ACTIVITY
From the listing below, retype exactly the line holding "Poster Cockapoo Sentado", the line holding "Coffee Tea Latte", and the lines between them; skip everything else.

THE DATA
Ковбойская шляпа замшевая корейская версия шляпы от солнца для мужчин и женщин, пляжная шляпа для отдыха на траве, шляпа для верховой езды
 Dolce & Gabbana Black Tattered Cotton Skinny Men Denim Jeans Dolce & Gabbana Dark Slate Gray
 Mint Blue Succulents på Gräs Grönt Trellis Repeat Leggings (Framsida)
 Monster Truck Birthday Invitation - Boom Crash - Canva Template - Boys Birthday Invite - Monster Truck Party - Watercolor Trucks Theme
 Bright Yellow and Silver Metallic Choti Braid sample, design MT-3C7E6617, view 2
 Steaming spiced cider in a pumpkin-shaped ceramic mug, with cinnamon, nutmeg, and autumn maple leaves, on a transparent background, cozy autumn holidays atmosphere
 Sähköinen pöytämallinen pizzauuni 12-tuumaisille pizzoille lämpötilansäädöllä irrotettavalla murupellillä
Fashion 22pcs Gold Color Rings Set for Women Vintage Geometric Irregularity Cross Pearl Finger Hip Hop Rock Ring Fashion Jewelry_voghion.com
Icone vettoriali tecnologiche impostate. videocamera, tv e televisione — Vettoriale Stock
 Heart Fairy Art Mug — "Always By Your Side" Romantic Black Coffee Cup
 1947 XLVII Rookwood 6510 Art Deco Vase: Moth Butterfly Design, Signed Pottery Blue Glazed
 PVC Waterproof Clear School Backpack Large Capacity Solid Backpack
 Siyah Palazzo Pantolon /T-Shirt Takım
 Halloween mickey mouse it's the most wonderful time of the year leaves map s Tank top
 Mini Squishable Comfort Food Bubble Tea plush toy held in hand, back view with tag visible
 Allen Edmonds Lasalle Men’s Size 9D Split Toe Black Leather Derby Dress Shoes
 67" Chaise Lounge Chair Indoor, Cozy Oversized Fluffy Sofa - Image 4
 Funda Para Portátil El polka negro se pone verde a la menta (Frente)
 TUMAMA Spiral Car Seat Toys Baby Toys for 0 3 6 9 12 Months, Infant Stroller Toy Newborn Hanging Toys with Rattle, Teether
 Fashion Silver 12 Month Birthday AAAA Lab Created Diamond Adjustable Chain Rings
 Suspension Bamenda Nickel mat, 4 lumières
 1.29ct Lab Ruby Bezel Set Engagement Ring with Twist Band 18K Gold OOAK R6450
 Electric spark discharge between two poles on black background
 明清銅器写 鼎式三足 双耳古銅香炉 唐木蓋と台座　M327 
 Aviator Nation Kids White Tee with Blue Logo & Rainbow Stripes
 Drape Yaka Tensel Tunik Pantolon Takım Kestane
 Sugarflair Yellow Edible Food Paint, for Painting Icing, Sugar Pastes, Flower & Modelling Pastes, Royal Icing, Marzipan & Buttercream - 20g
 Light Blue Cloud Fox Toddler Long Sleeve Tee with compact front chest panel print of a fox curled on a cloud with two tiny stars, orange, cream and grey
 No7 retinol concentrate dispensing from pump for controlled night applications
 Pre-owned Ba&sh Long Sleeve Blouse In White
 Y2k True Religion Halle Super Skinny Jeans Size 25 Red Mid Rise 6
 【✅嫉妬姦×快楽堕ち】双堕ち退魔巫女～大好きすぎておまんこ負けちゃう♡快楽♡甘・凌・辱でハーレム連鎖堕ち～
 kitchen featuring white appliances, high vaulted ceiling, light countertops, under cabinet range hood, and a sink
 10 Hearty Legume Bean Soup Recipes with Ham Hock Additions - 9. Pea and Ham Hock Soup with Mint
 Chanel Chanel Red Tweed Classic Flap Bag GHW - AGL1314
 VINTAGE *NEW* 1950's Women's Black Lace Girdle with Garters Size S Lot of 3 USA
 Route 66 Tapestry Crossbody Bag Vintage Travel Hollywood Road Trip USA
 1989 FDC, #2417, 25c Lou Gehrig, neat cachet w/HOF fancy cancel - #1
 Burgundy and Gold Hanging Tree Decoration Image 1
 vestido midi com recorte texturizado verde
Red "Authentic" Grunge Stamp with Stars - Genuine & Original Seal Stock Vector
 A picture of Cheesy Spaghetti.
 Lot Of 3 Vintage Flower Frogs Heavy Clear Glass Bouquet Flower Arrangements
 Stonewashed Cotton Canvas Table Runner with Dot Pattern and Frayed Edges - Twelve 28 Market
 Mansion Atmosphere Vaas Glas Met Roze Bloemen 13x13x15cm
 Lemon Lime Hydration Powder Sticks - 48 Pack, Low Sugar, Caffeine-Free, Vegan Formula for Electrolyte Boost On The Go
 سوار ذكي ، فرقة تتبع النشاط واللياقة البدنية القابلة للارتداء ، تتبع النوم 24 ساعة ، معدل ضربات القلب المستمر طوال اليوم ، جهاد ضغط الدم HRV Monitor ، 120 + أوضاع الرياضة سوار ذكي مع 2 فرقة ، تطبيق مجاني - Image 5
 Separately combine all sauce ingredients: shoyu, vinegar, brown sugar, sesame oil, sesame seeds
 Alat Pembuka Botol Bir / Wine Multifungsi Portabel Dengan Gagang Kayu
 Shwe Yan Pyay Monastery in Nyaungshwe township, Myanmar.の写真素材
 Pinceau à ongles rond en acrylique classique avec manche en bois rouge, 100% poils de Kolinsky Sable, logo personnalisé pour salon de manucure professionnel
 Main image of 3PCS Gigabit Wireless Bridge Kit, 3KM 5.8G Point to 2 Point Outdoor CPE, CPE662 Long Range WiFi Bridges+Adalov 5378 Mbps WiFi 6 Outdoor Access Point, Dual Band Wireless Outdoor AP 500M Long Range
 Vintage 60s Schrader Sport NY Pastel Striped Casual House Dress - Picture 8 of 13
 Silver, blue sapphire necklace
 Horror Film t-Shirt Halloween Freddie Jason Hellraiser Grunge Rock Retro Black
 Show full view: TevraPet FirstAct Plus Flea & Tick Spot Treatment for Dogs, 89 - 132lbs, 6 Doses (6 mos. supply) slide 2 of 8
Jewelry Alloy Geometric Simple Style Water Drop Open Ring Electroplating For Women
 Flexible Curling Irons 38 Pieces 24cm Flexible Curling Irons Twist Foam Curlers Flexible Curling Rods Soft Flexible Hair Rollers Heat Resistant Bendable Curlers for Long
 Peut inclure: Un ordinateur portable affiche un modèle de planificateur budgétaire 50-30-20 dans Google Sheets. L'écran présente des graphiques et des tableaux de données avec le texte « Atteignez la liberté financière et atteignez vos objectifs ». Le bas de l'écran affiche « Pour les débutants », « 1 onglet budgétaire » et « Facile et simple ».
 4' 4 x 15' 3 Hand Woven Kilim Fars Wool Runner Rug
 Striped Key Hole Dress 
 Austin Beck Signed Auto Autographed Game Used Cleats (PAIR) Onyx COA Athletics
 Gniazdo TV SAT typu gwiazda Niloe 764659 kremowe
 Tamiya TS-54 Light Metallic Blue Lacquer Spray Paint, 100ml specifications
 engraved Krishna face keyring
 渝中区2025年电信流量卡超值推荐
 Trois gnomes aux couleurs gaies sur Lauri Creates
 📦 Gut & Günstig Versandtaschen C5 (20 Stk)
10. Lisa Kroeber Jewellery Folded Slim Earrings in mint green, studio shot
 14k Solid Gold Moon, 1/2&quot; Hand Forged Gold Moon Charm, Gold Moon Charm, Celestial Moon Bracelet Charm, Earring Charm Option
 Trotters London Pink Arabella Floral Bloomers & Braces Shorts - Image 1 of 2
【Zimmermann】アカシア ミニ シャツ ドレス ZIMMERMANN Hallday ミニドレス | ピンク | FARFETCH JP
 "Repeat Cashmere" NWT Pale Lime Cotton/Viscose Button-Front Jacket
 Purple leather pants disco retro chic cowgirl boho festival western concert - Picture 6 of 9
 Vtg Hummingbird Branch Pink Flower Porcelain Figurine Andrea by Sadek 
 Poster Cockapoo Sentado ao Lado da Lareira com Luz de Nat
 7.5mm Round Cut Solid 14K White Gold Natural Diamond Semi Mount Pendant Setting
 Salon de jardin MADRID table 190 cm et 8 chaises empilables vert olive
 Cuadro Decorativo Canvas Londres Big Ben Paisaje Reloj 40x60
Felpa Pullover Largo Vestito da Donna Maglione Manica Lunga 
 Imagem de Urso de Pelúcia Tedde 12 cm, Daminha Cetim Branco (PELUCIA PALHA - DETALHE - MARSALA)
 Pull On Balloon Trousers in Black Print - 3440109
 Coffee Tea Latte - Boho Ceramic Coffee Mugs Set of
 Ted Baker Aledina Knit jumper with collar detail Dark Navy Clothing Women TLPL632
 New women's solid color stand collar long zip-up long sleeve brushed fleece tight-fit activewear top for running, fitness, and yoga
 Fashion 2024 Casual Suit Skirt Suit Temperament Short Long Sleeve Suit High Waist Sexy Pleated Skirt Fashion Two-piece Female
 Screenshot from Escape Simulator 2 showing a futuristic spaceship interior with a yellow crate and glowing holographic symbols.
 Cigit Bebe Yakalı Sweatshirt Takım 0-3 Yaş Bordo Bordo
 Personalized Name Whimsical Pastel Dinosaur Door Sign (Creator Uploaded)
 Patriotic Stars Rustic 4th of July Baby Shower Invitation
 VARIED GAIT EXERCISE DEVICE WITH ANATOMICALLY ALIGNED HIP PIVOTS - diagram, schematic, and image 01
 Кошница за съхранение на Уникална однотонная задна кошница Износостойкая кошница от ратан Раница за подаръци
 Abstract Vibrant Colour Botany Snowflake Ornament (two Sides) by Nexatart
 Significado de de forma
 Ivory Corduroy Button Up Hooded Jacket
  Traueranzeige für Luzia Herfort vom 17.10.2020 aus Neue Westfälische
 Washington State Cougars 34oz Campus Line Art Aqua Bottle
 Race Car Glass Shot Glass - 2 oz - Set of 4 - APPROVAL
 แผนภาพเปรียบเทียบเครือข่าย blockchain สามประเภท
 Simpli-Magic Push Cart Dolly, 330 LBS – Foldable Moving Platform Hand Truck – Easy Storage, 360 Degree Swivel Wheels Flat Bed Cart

FINISHED EXERCISE
 Poster Cockapoo Sentado ao Lado da Lareira com Luz de Nat
 7.5mm Round Cut Solid 14K White Gold Natural Diamond Semi Mount Pendant Setting
 Salon de jardin MADRID table 190 cm et 8 chaises empilables vert olive
 Cuadro Decorativo Canvas Londres Big Ben Paisaje Reloj 40x60
Felpa Pullover Largo Vestito da Donna Maglione Manica Lunga 
 Imagem de Urso de Pelúcia Tedde 12 cm, Daminha Cetim Branco (PELUCIA PALHA - DETALHE - MARSALA)
 Pull On Balloon Trousers in Black Print - 3440109
 Coffee Tea Latte - Boho Ceramic Coffee Mugs Set of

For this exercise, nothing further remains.